* [Input data]:
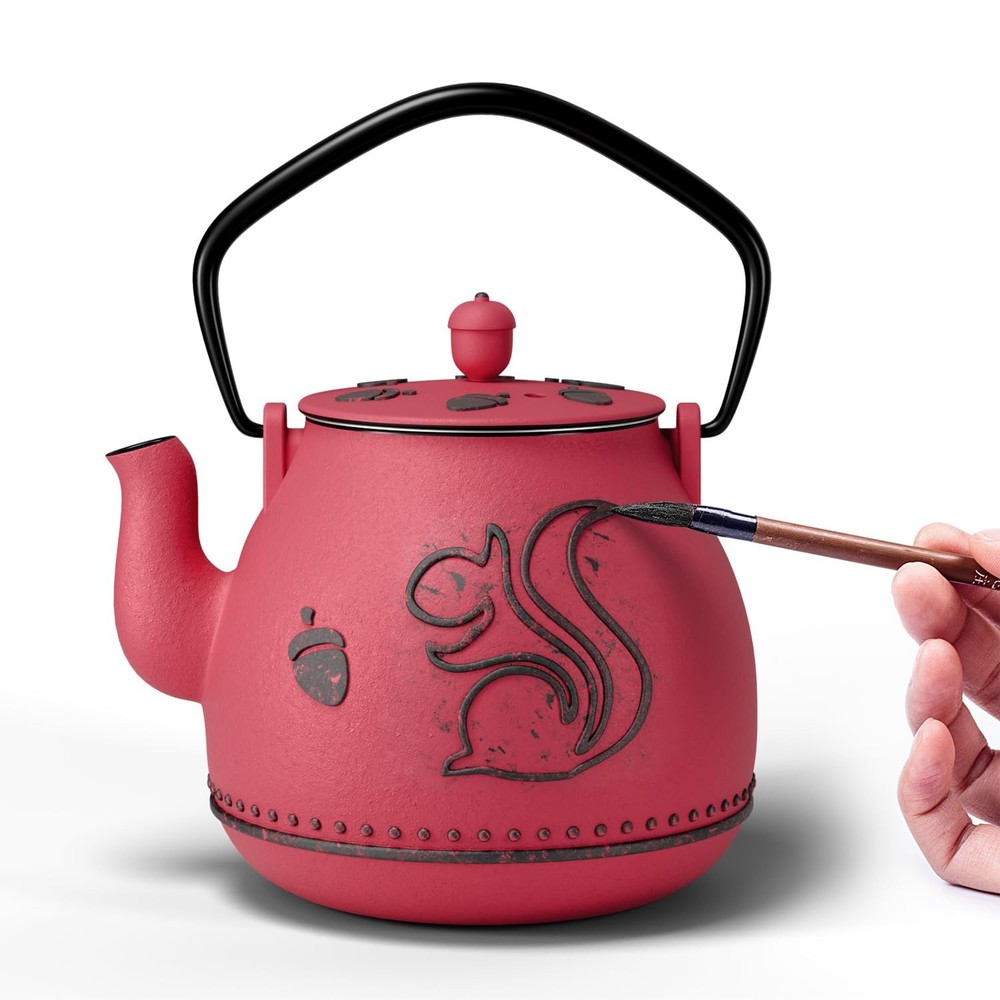 Cast Iron Tea Kettle with Removable Infuser 32 Ounce Squirrel Design Red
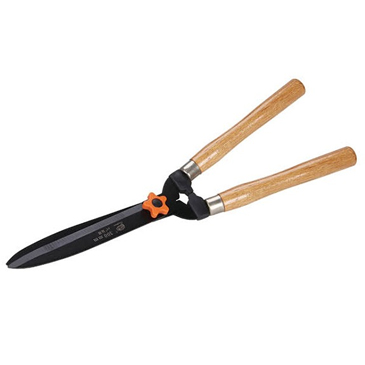 G02411 Black Blade Hedge Shears With Wood Handle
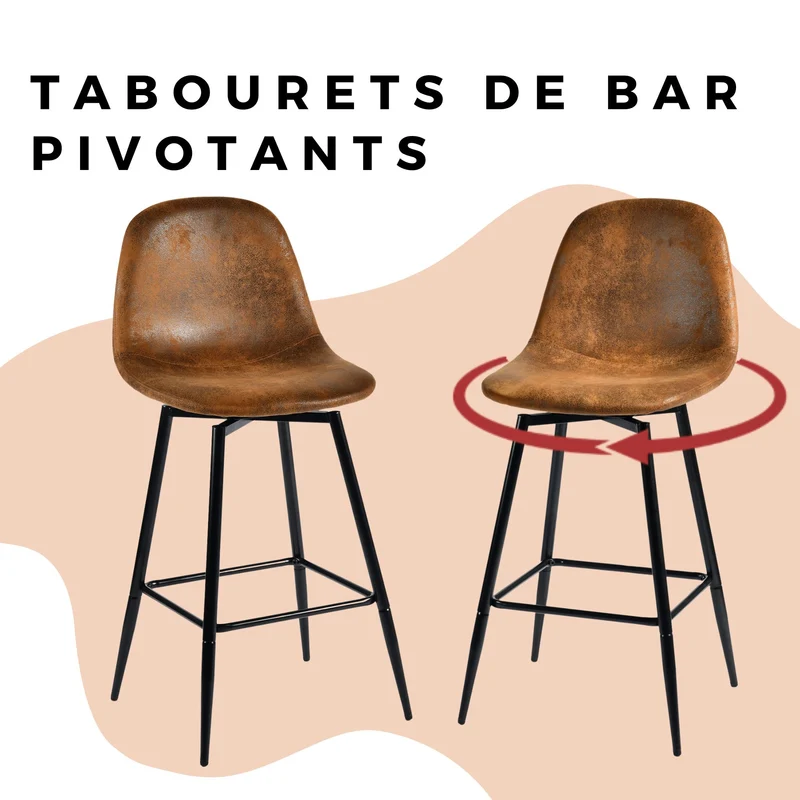 Lot de 2 tabourets de bar vintage pivotants en faux daim style industriel 67Hcm CHARLTON COUNTER SUEDE BROWN BLACK LEG 2PCS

* [Work order]:
Once the pictures are set aside, output all of the data above verbatim.

* [Solution]:
 Cast Iron Tea Kettle with Removable Infuser 32 Ounce Squirrel Design Red
 G02411 Black Blade Hedge Shears With Wood Handle
 Lot de 2 tabourets de bar vintage pivotants en faux daim style industriel 67Hcm CHARLTON COUNTER SUEDE BROWN BLACK LEG 2PCS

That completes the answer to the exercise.